The case of Elvanite Full Circle Limited v AMEC Earth & Environmental (UK) Limited [1] is a clear example of the court adopting a strict, no-nonsense approach to costs budgeting.  In that case the successful defendant sought to amend its approved costs budget post-trial, and was given short shrift.  The defendant’s costs budget was originally approved by the court at approximately £270,000, including some £30,500 estimated expert’s fees.  In reliance on that budget (and of some relevance to the judge’s reasoning), the claimant had obtained ATE insurance cover to the limit of £250,000.  Shortly before trial the defendant filed an increased costs budget, this time of around £500,000 and including £200,000 of expert’s fees, although it did not make a formal application to amend its budget.  When the defendant finally did make a formal application to amend its budget after it had won the case, its application was refused.

Coulson J held that a strict approach to costs budgeting was necessary. As the Court of Appeal had emphasised in Henry [2], the function of the cost budget was to impose a limit on recoverable costs; and as Coulson J had commented himself in Murray v Neil Dowlman [3], it should be difficult to persuade a court that mistakes in an approved budget should be rectified lightly or should constitute good reason to depart from that budget.  The judge also stated that a formal application to amend a cost budget would be required immediately costs began to exceed an approved budget by more than a minimal amount.  In this particular case, the approved budget would stand and, whilst the question of whether there was good reason to depart from it could be considered by the costs judge on assessment, Coulson J commented that, certainly in respect of the increased expert’s fees, he did not think that there would be.

If Elvanite is an example of cost budgeting having a potentially negative impact on a successful party, the case of Slick Seating Systems & Another v Adams & Others [4] is an example of the process working to a  successful party’s advantage.  It is also an example of how the Jackson reforms can improve efficiency within litigation, as they are intended to do.

The claimants were awarded damages of £4.4m, along with all of their claimed costs of £351,000, which came in under the approved budget of £359,000. The judge commented that the claimants had laudably controlled costs and kept within their budget for each phase of work, and as such he awarded payment of the full claimed costs on summary assessment (and so without the need for the delay and expense of detailed assessment) within 14 days.  The approach here again seems strict: if you get your budget right, you get your costs.

However, there remains significant uncertainty within the profession and the judiciary both as to the principles to be applied when the court considers and approves costs budgets, and as to the approach to be adopted by costs judges when assessing costs in light of approved budgets. In the case of Troy Foods v Manton [5], the parties disagreed upon the approach that should be adopted when costs budgets were being considered for approval by the Court.  Manton applied to the Court of Appeal for permission to appeal on the basis that the approach by the judge at first instance had resulted in the approval of an over generous budget for Troy and out of concern that on detailed assessment the costs judge would be likely to treat approval of a budget as establishing that costs within that budget were necessarily reasonable. The Court of Appeal granted leave, commenting that “the court may wish to comment further on the proper approach to be taken by costs judges on detailed assessment in a case in which the court has approved the receiving party’s budget.”  Unfortunately for those of us seeking guidance in this emerging area the case settled before the appeal was heard.

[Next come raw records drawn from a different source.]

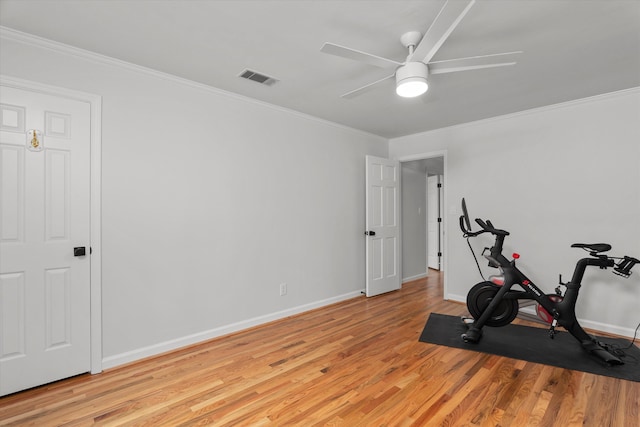 workout room with baseboards, ornamental molding, light wood-type flooring, and visible vents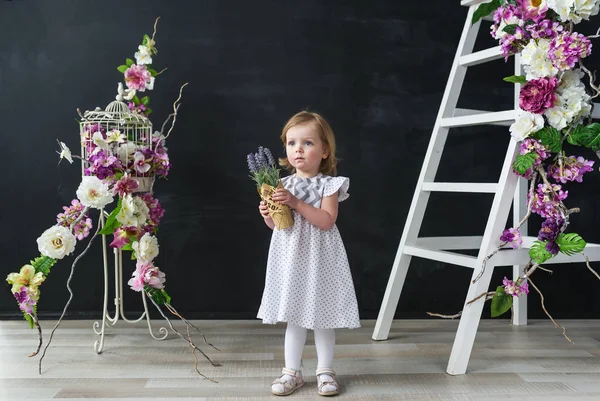 Petite fille en robe blanche. Bébé fille avec de belles fleurs debout dans la chambre des fleurs . — Photo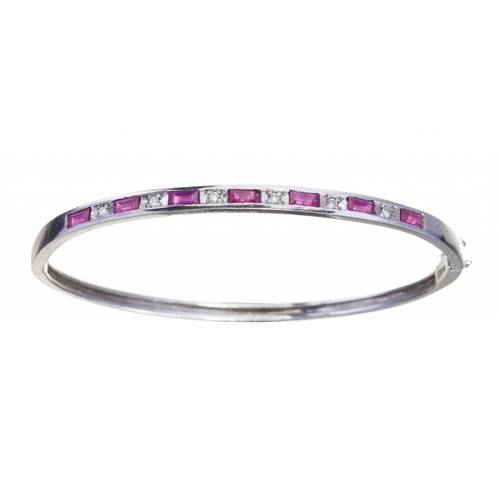 79 - A RUBY AND DIAMOND BANGLE in white gold, 53 x 63mm, foreign control marks including 750, 10g... 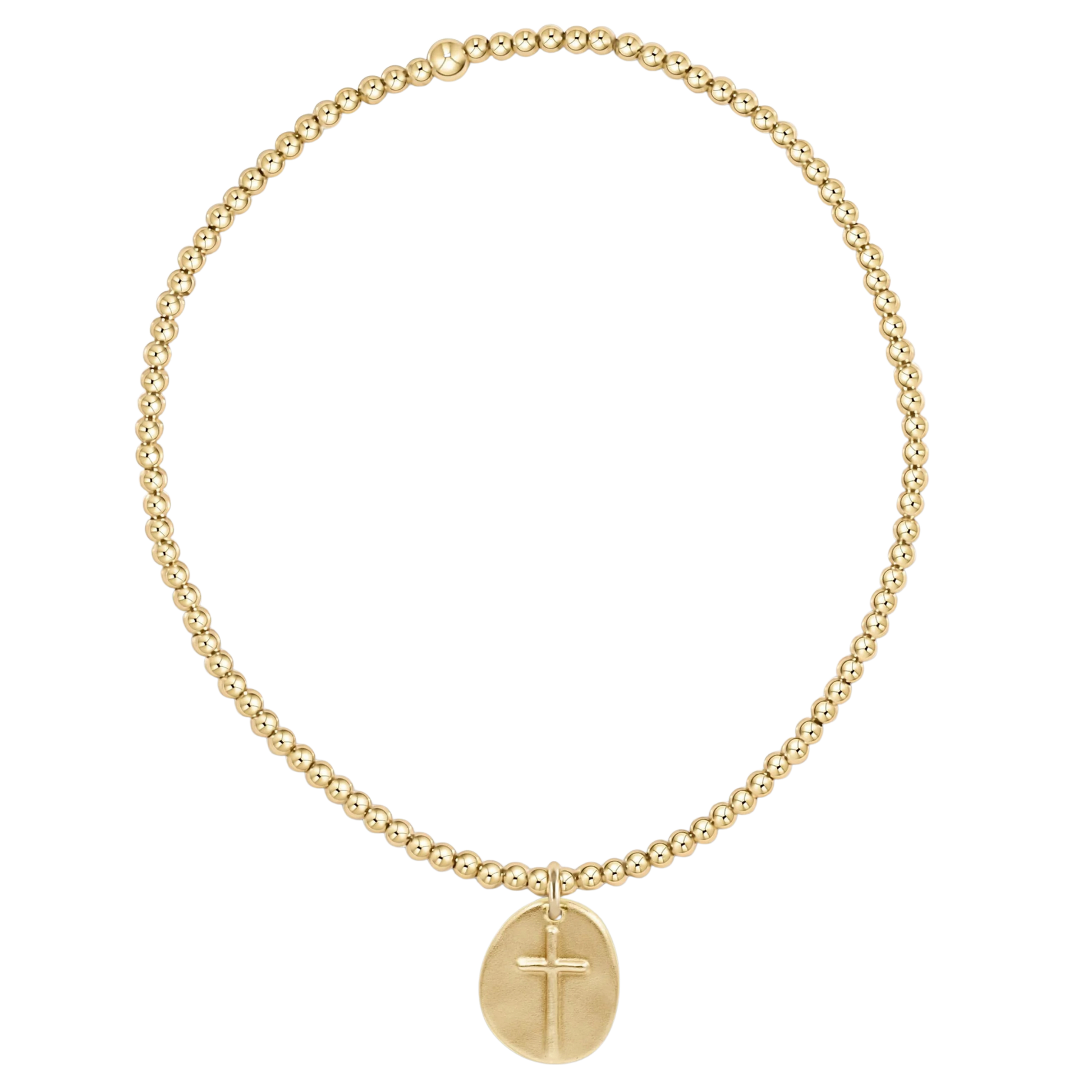 Gold bracelet with a cross pendant on a white background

The recent case of Venulum Property Investments v Space Architecture [6] may be one of the Jackson reform cases that practitioners have been dreading.  In that case an application for permission to extend time for service of particulars of claim was refused by the court, on the basis that the new CPR 3.9 places a real emphasis on compliance with directions and deadlines. This new provision is intended to bring about a radical change in culture for the courts and court users to ensure  rigorous observance of rules and orders.  The court also noted that enforced compliance is now enshrined within the amended overriding objective [7].  As a result, and due to the late issue of proceedings in any event, Venulum’s claim was statute-barred.  The case of Fons [8] is an example of a lucky escape for the parties.  There had been at least two directions orders providing for the filing of witness statements and the dates in each had passed without either party complying.  HHJ Pelling QC sitting as a High Court Judge did allow a further extension, but issued the following clear statement: “I am only persuaded to extend the time for the filing of witness statements because this hearing is taking place only a very short while after the amendment of the CPR and because the period that has elapsed since the final extension expired is relatively short. However, all parties and the wider litigation world should be aware that all courts at all levels are now required to take a very much stricter view of the failure by parties to comply with directions.”

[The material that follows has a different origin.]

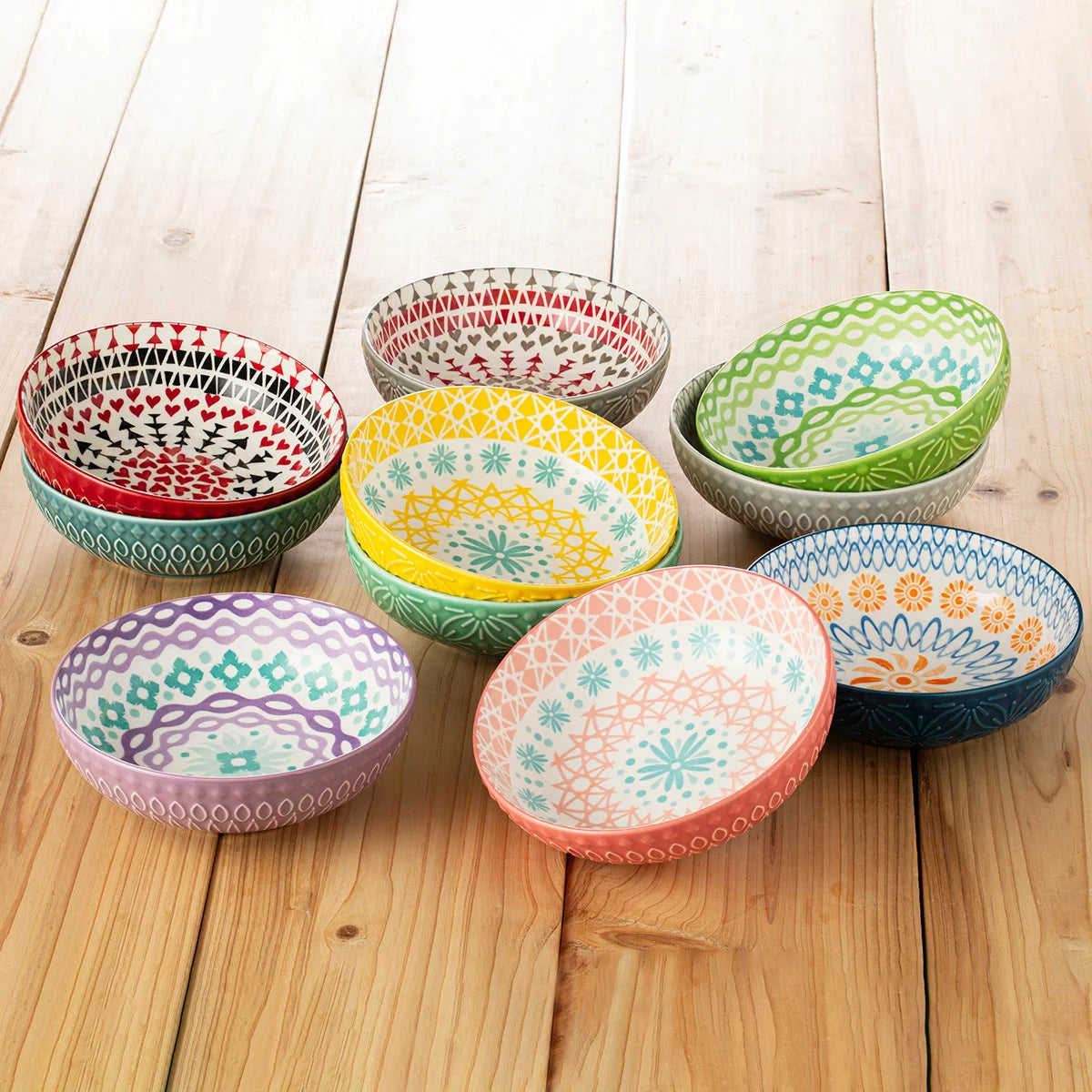 The Signature Housewares Stoneware Bowls 10-Piece Set arranged together, showcasing their vertical stripe patterns and array of ten distinct, vibrant colors.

Re Atrium Training Services Limited [9] is a further case in which the new emphasis on compliance in the overriding objective has been paramount.  In that case the High Court granted an extension of time for compliance with a disclosure order, making the extension subject to an unless order such that in the event of non-compliance the case would be struck-out.  However, it was the judge’s comments in the case that provide helpful guidance as to the Jackson reforms in practice.  Henderson J noted that courts will scrutinise applications for extensions more rigorously than before and must firmly discourage any assumption that an extension will be granted merely because that does not cause obvious prejudice.  However, he tempered his comments with the recognition that there are some directions orders made at a time in the case when there are “so many imponderables… that the date for compliance cannot sensibly be regarded as written in stone, and so reasonable extensions of time may be needed as the matter develops“.  This is likely to be widely quoted by parties in future cases.

Current Conclusions

The Jackson reforms are here to stay and starting to take effect in practice: litigation practitioners are having to interpret and adopt the new rules and to embrace a new culture; and for the most part, the courts seem to be enthusiastically applying costs and case management in a strict and relatively straightforward manner. There are even some useful comments within the new case law which provide for a just result when the facts or circumstances of a particular case so require.

Therefore the advice is clear. If you are aware of and abide by the rules, adhering to a strict interpretation (when in any doubt), but applying to the court in a timely fashion when a budget or direction can no longer be complied with, not only will you not go far wrong – you may even achieve full clarity and certainty for your case and a generous costs recovery at  the conclusion of the case.


[1] [2013] EWHC 16432 (TCC)
[2] Silvia Henry v News Group Newspapers Limited [2013] EWCA Civ 19
[3] [2013] EWHC 872 (TCC)
[4] [2013] EWHC B8 (Mercantile)
[5] Troy Foods Limited v Manton [2013] EWCA Civ 615
[6] Venulum Property Investments Limited v Space Architecture Limited & Others [2013] EWHC 1242 (TCC)
[7] CPR 1.1 (f)
[8] Fons HF v Corporal Limited (1) and Pillar Securitisation Limited (2) [2013] EWHC 1278
[9] [2013] EWHC 1562 (Ch)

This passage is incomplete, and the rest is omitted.